Cross “pro-style” off the recruiting or scouting report. Buchner is a genuine dual-threat QB and very threatening as a runner or a passer. He’ll put a lot of pressure on the Buckeye linebackers, cornerbacks, and defensive ends with his option game. He’s capable of a quick read and a quick decision whether to throw or run. I watched quite a bit of 2021 film, and was impressed with how Buchner could freeze a defender. Once frozen in place, they became easy prey for the option game.
When Buchner runs, he’s elusive and fast. A really good athlete. The Buckeyes will need all of the team speed that they can muster to contain him. Forcing him to pass is the better option, if the Bucks can pull it off. Both Buchner’s mechanics and decision-making decline rapidly when he’s under pressure. A strong pass rush can disrupt his game, but the rushers need always to be aware of his scrambling potential. He’s a good enough rusher and scrambler that he warrants a “spy” to watch him on every play. But that spy has to be fast.
Buchner’s arm is strong, and he can throw deep or wide. Look for him to throw to tight ends a lot. The wideouts were never the Irish strong suit, but the loss for the season of one of the best – Avery Davis – with a torn ACL damages the long passing game. And they’re not very deep at wideout.

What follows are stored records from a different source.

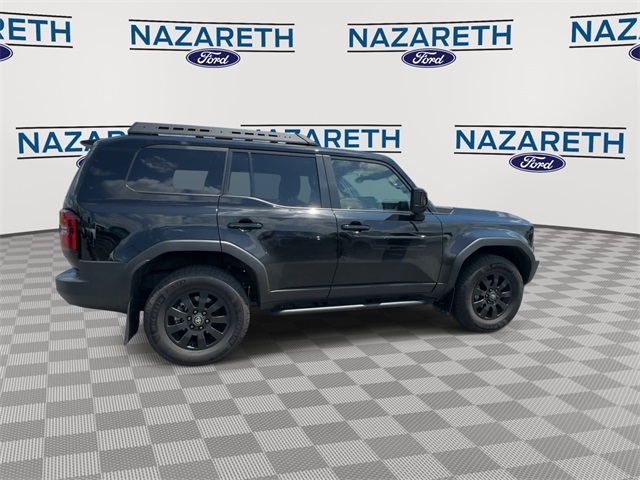 used 2024 Toyota Land Cruiser car, priced at $64,890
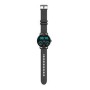 Montre intelligente Celly TRAINERROUND2BK 1,28" | Tienda24 - Global Online Shop Tienda24.eu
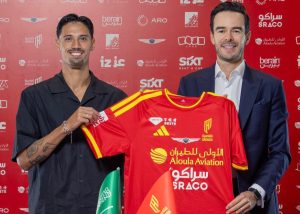 Tijjani Reijnders Resmi Bergabung Ke Al Qadsiah Dari Man City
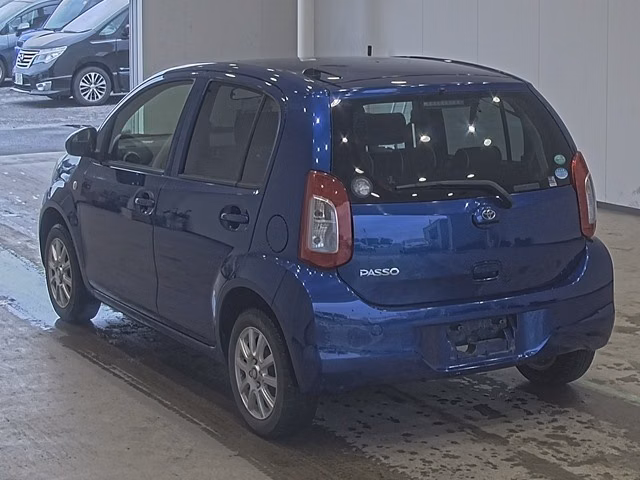 TOYOTA PASSO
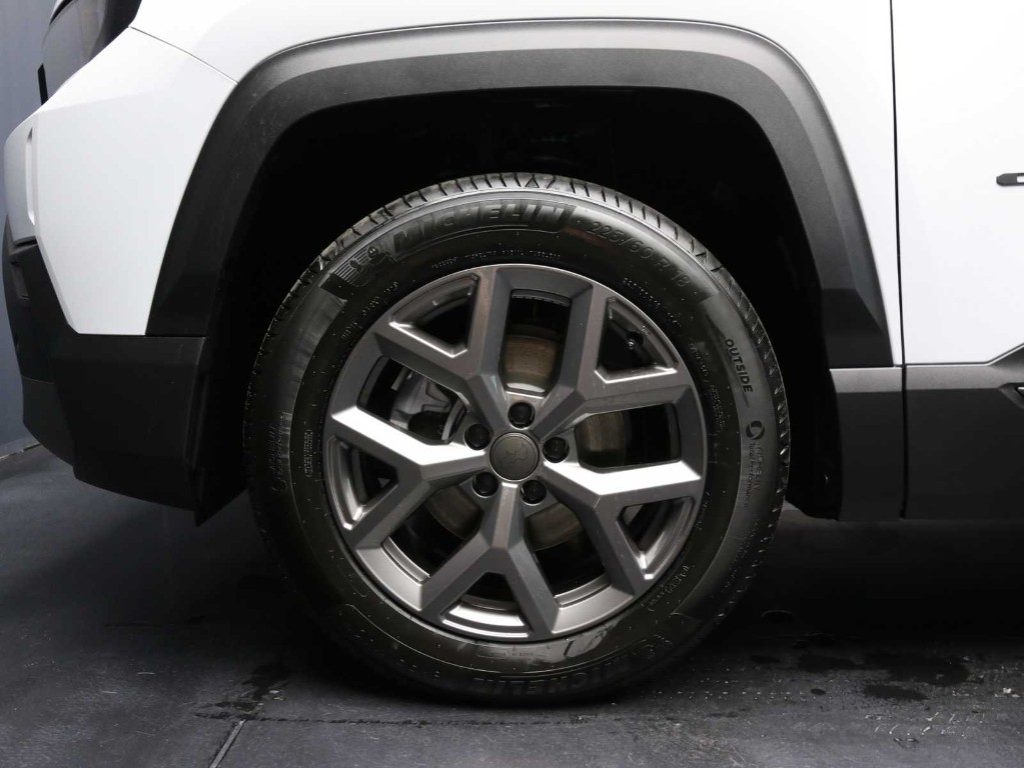 JEEP Compass 1.2 turbo e-hybrid  Summit 145cv - 8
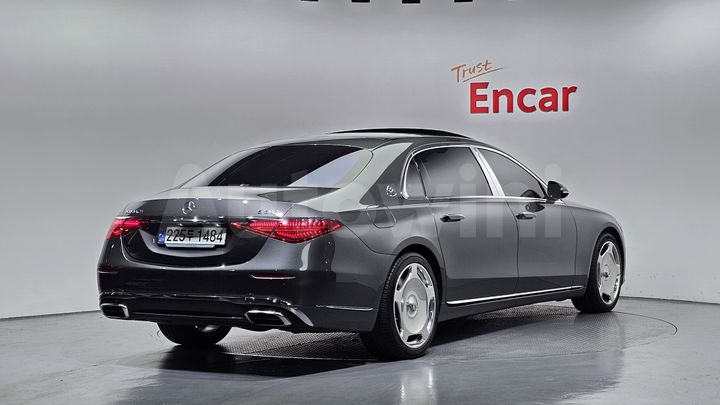 Mercedes-Benz S Class 2024 — 2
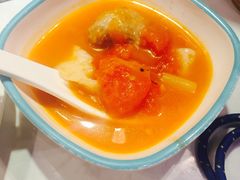 -蕃茄述·好汤自然来(江汉路店)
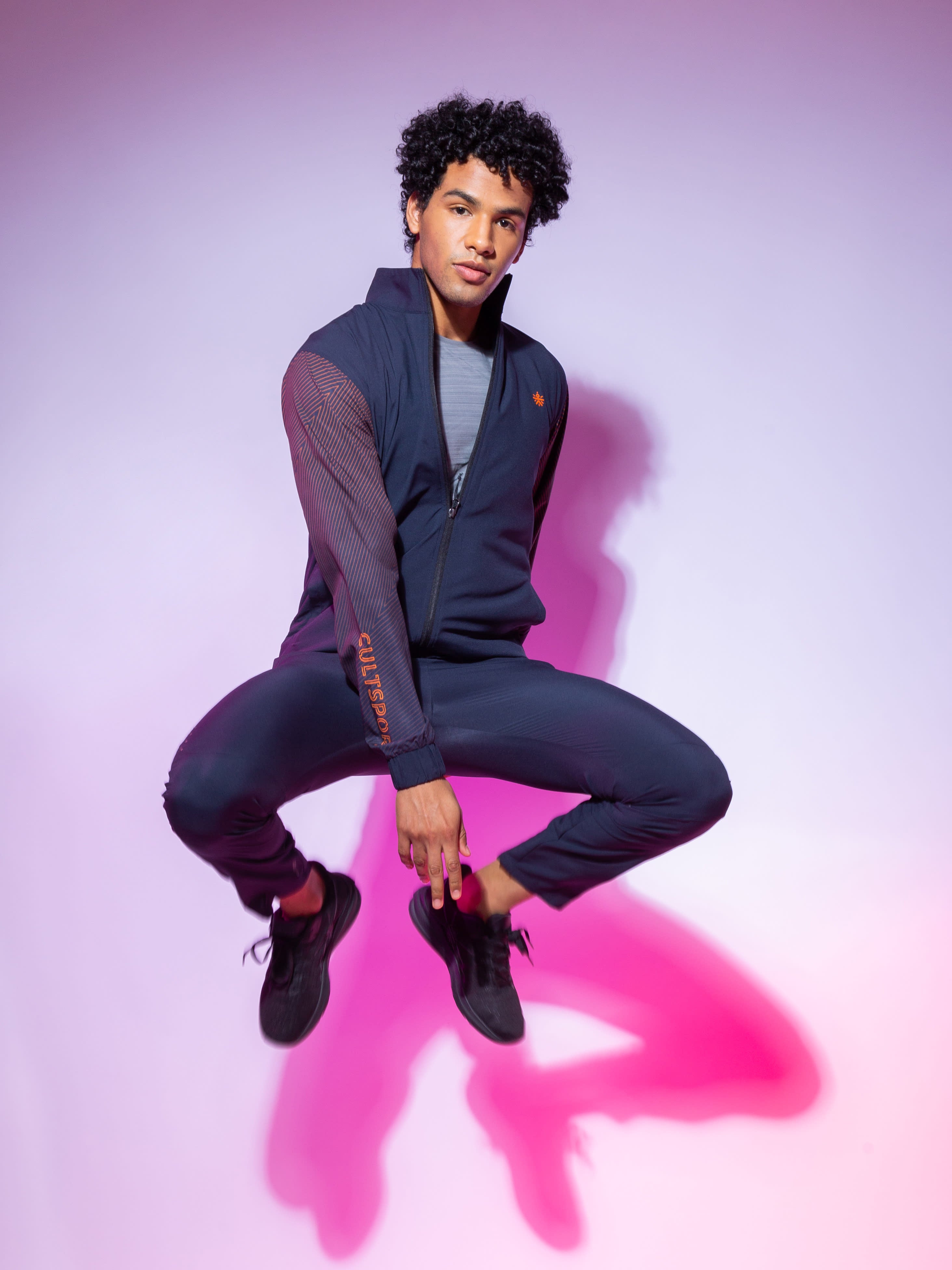 Printed Layer On Jacket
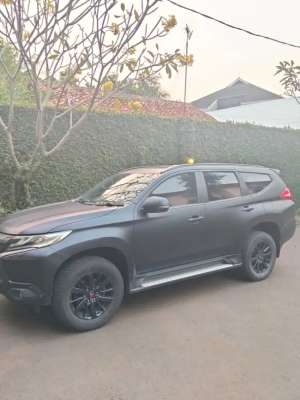 Jual bekas Mitsubishi Pajero 2016 Diesel,lokasi di Jakarta Selatan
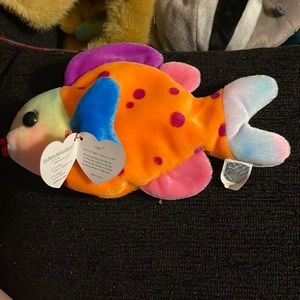 Ty Beanie Babie “Lips”/rare/mint, 1999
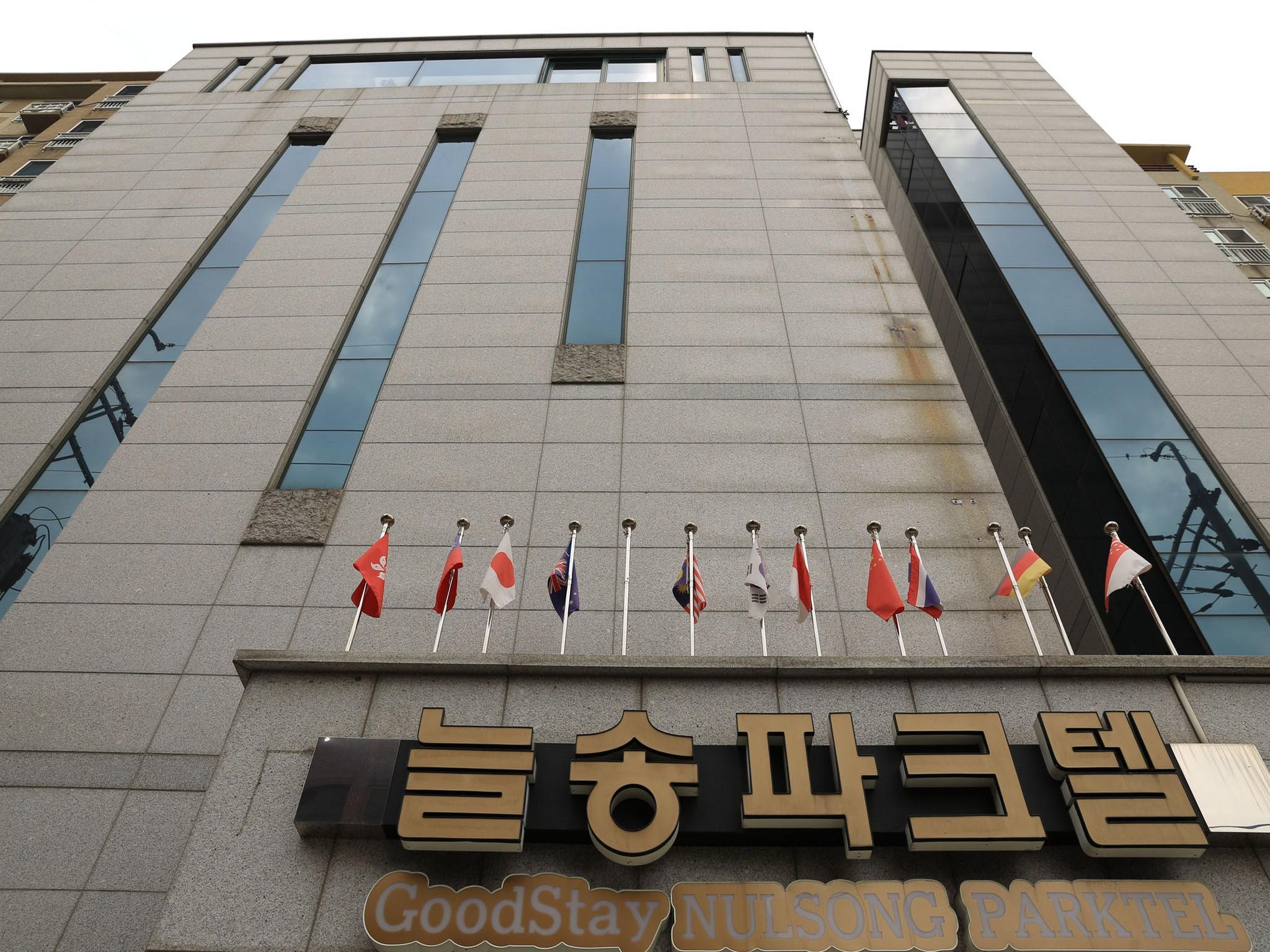 Goodstay Nulsong Parktel 3/28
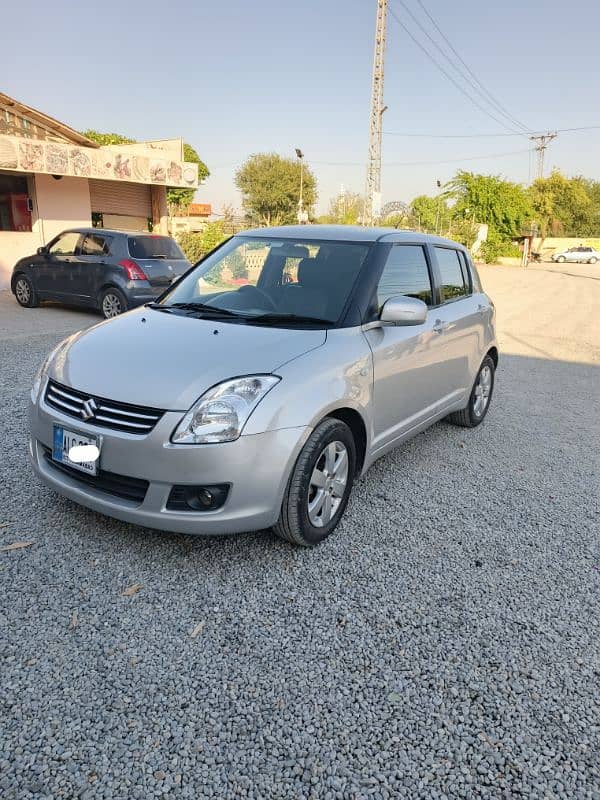 Fully original paint 53000 millage Suzuki Swift 2018 4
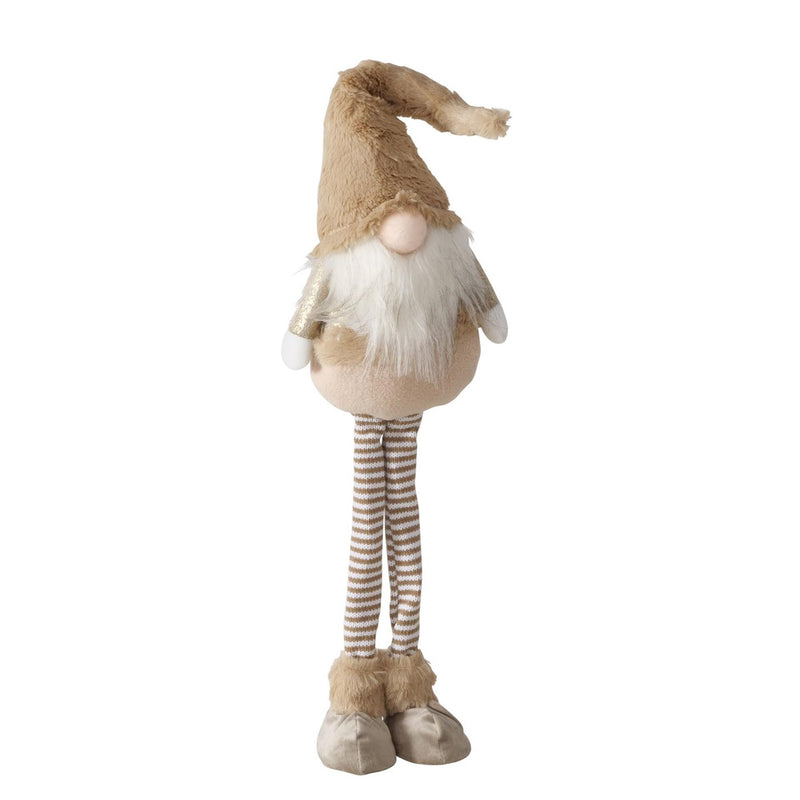 Afbeelding laden in galerijviewer, Boltze home kabouter marvo met bungelbeentjes h69cm
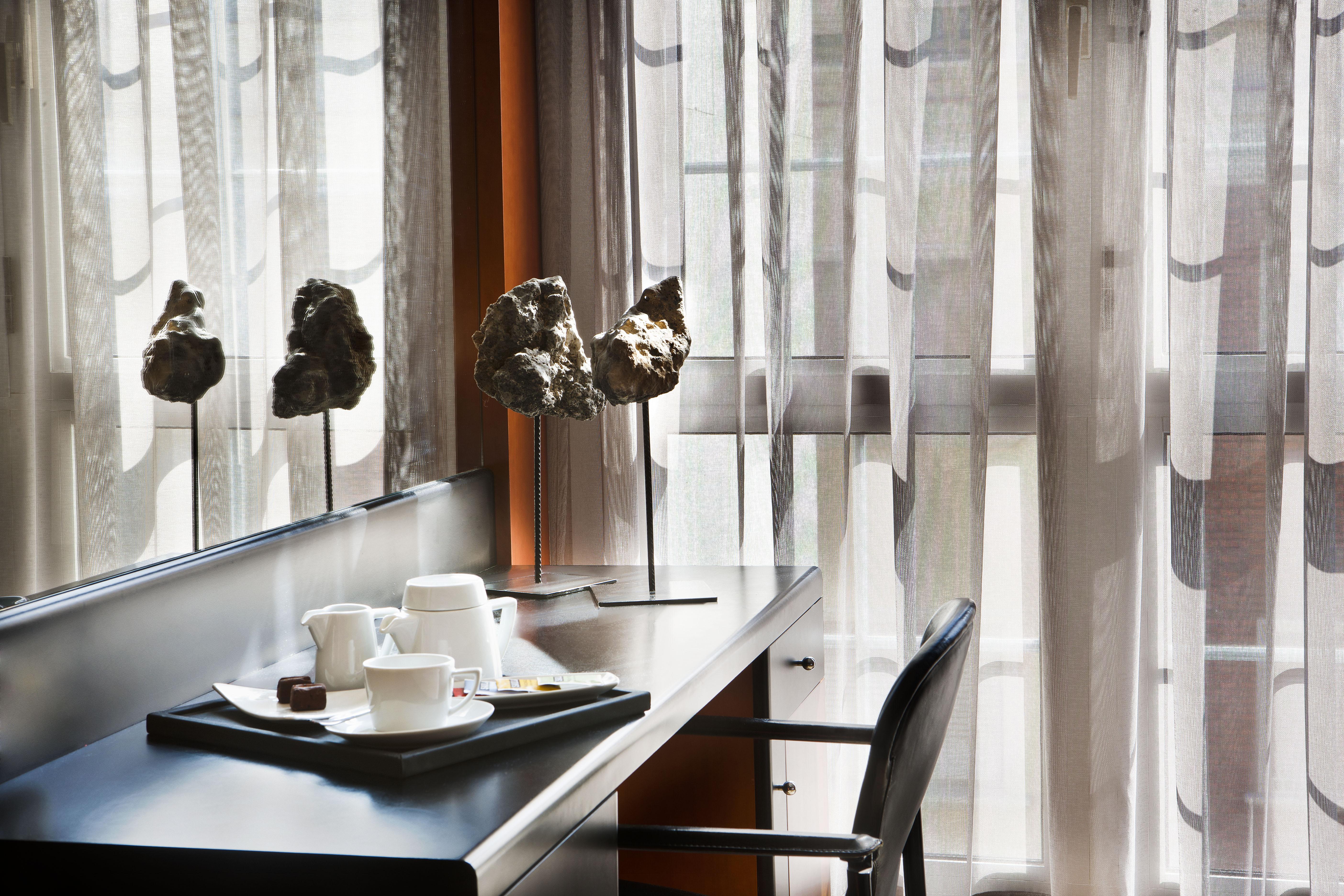 เดอร์บี Hotel บาร์เซโลนา ภายนอก รูปภาพ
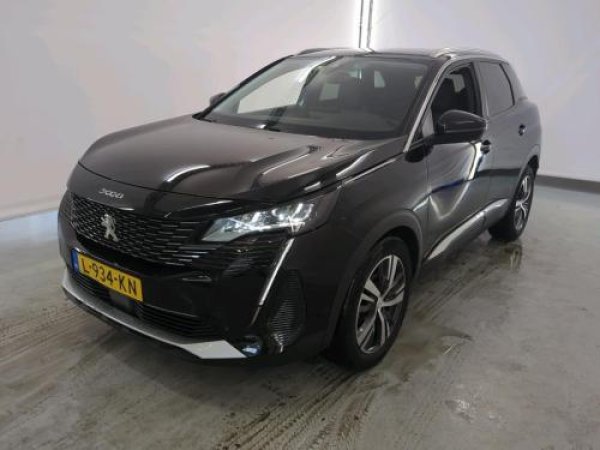 Foto van Peugeot 3008
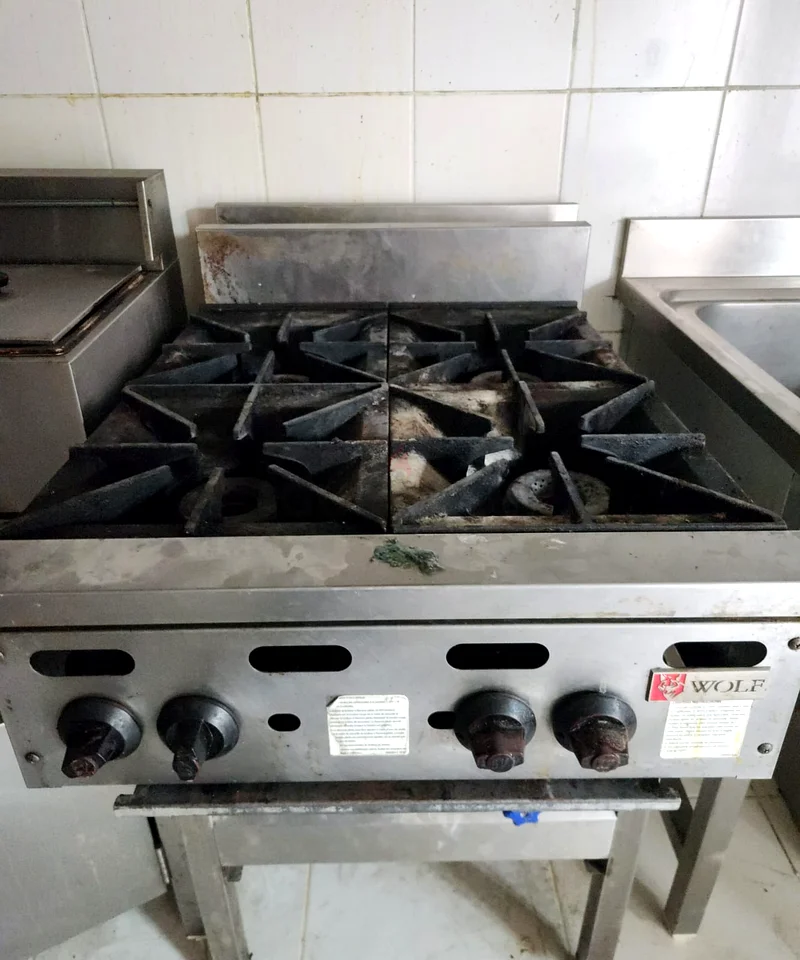 Stainless Steel Commercial Kitchen Equipment for Sale!63258655165825113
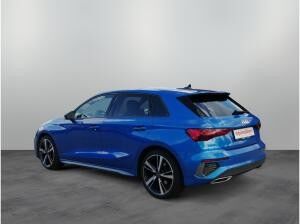 Audi A3 Sportback S-Line 35 TFSI Stronic Pano LED Nav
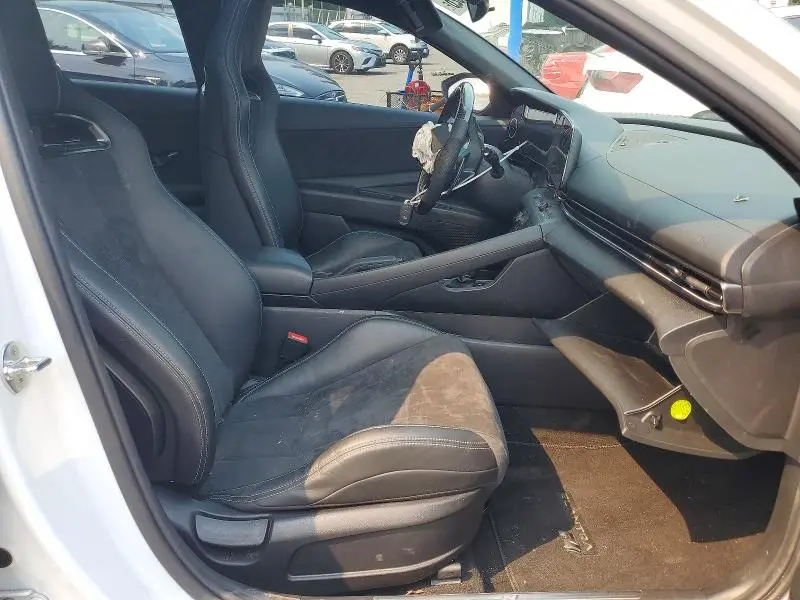 2023 HYUNDAI ELANTRA N BASE  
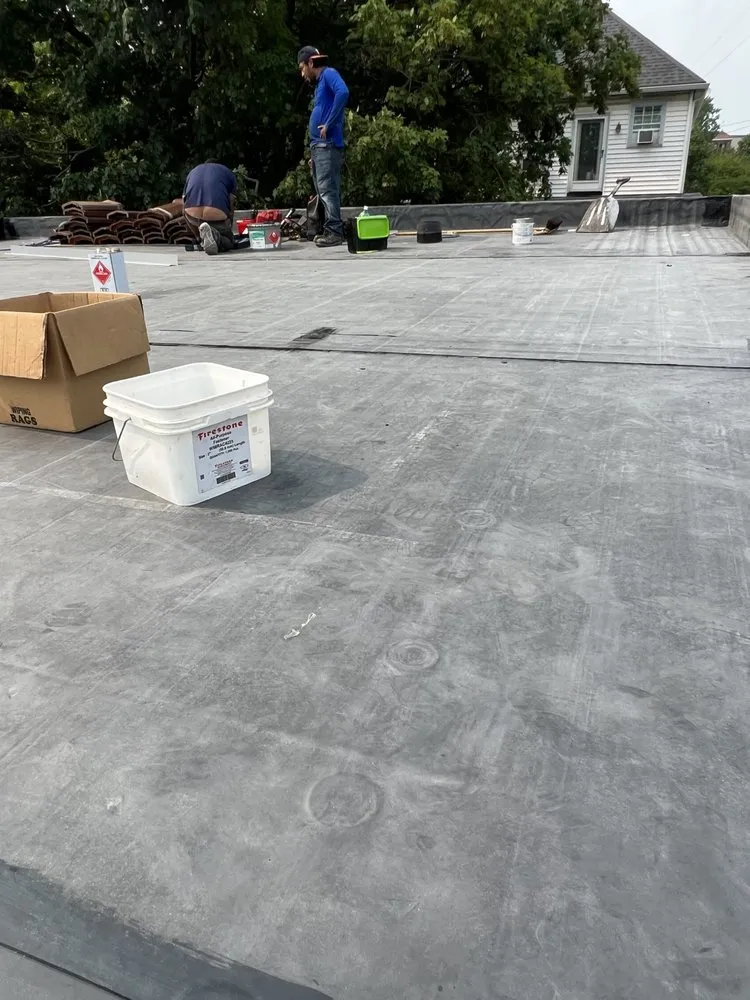 Slide of EMM Builders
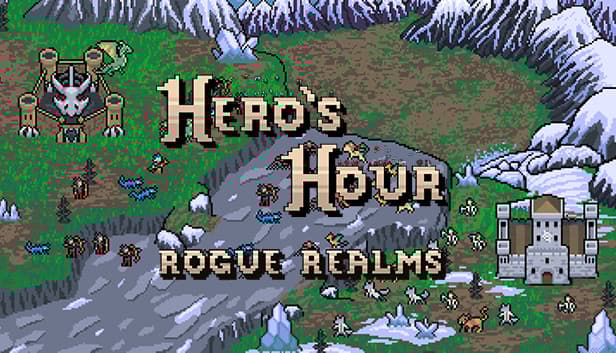 Hero's Hour - Rogue Realms  |ROW| resmi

We’ll get to know Mr. Buchner pretty quickly. The first three series for Notre Dame will probably tell us how well Tyler Buchner is going to perform. He’s talented but relatively inexperienced. He’ll need to score a lot of points. He’ll be under a lot of pressure. And my guess is that he’ll probably feel it. I think that the Buckeyes are fortunate to catch him in his first start, at any level, in almost three years. With a few games under his belt, he’ll be a good one.